Early on, he had worked out that my father’s views on industry policy were somewhat closer to his position than my own, and he would sometimes speak in glowing terms about my father in the hope that this would cause some family annoyance and tension. It certainly did not annoy my dad, and my father kept on telling me that I was far too harsh on John Button. He recalled one time—and this gave John Button great amusement—when he said that if my father could hear my views he would roll over in his grave, and I called out that that would be difficult as my father was not dead yet. John Button rather enjoyed this exchange and repeated it to me years later.
Some years ago, I bumped into John Button in Collins Street and he said that we should have lunch together. We had a number of these lunches and, when I asked curiously why he would want to have lunch with me, he said, rather kindly I thought, that he would rather have lunch with an employed Liberal minister than an unemployed, complaining, Labor ex-minister. He was, as everybody knows, just great company, and we had frank exchanges of political gossip. On one occasion we discussed a new book I had published on historic parliamentary speeches and he asked me to send him a copy. I received a very gracious letter in reply, and this is what his letter said:
Dear Rod,
Many thanks for sending me a copy of your book ‘Speaking for Australia’.
You are a strange person. Any politician who keeps his promises can only be so described. And when the promise is made ‘on the wing’ in Collins Street, well what does one say.
The book (on preliminary examination) seems an important collection. Modestly you have omitted some of your own fine speeches and sadly some of mine. In the next edition you should perhaps include a speech of mine on the [siting] of the new parliament house (I think about 1974) or the speech to the 1984 Economic Summit which chilled the minds of rent-seeking industrialists succoured by protection. Your father would have approved.
As for the inclusion of a speech by your good self, any one would do.

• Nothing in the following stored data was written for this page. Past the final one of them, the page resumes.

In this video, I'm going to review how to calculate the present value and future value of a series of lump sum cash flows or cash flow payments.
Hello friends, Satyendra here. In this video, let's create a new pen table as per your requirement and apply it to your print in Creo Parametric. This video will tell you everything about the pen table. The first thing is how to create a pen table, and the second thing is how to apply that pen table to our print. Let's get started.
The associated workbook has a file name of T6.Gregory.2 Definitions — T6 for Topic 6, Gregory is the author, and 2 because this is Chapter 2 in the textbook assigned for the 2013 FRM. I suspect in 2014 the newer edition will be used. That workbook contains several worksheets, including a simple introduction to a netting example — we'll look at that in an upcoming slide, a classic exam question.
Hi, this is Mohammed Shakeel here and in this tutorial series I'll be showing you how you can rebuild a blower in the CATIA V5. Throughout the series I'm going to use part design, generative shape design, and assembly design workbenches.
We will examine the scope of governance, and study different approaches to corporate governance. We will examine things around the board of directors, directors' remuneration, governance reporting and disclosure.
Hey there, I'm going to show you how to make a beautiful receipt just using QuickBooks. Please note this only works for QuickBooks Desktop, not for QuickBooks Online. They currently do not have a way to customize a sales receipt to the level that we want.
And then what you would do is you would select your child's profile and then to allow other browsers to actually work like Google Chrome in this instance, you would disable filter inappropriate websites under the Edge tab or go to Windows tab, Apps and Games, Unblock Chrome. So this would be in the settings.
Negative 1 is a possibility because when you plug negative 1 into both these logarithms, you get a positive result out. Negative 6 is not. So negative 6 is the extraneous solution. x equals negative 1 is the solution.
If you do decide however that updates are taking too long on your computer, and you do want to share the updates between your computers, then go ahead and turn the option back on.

Again, thanks and best wishes.
Yours sincerely
John N. Button
I took John Button’s advice and went to those speeches, and they are well worth reading, so perhaps I was in error not to include them in my book. The speech on Parliament House—others will know his views better than mine, but I was not aware of it—was one that John Button made in the Senate on 24 October 1974. John Button would have preferred that this Parliament House were sited elsewhere and made a very passionate speech about that. Among other things he asked:
What sort of parliament building do we want? Again the question arises: Do we want one which symbolises the aspirations of the people as they are ‘on the level’ of people or do we want one which symbolises the aspirations of politicians? Surely there is no quarrel with the proposition that one cannot make statesmen out of politicians by putting them in a castle or by putting them in a prominent parliament house which dominates the capital city of Australia rather than being sympathetic with it. I remind honourable senators of what happened to the residents of the tower of Babel and many other residents of edifices constructed upon hills in the way in which the symbolic view of Capital Hill is expressed.
It was a very passionate speech. He did not win that debate, but it was clearly one which he felt strongly about, and it was one which he drew to my attention. Witnessing his performances in this place, I never doubted that he thoroughly enjoyed being in this Parliament House, but I was also interested in his comments.

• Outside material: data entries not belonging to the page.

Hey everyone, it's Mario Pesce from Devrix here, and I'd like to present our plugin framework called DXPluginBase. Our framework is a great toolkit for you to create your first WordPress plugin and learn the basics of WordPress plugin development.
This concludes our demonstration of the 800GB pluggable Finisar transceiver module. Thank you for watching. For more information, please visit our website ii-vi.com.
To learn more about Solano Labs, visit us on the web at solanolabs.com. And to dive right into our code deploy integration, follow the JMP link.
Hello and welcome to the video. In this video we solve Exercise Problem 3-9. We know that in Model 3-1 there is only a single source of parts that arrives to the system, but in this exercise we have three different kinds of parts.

The other speech he said should have been included in my book was the one that I think Senator Faulkner referred to, at the National Economic Summit Conference on 14 April 1983. It was a speech of its time, and it was probably bold at its time—it probably seems less bold today. He said, for example:
In dealing with longer term reconstruction issues however, there should not be too narrow a focus on the issue of protection.
Protection was a very controversial policy. He went on to say:
Protection is only one element in an array of policy instruments which Australian governments have at their disposal to assist the various sectors of industry. It is not in itself a panacea for industrial reconstruction.
He went on and asked a number of questions:
Is Australian management adequately trained and flexible enough to cope with change;
What role should union leaders be playing in persuading their members of the need to adjust to changed circumstances ...
It is, again, a speech which is well worth reading, and I think it is appropriate in this condolence speech today that this be recorded.
My colleague Senator Michael Ronaldson hoped to be able to make a contribution today, but he said to me that he would like me to record that John Button was one of Ballarat’s favourite sons, a man who enjoyed for a very long period, and still enjoys, an enormous amount of respect and affection in that great city.
During a speech that I made many years ago on a condolence motion for Sir John Kerr, John Button was very upset with what I was saying and—I think probably for the first time in parliamentary history—took a point of order during a debate on a condolence motion. This led to a vigorous exchange between the two of us. I rather hope that John may be happy with the remarks I have made today.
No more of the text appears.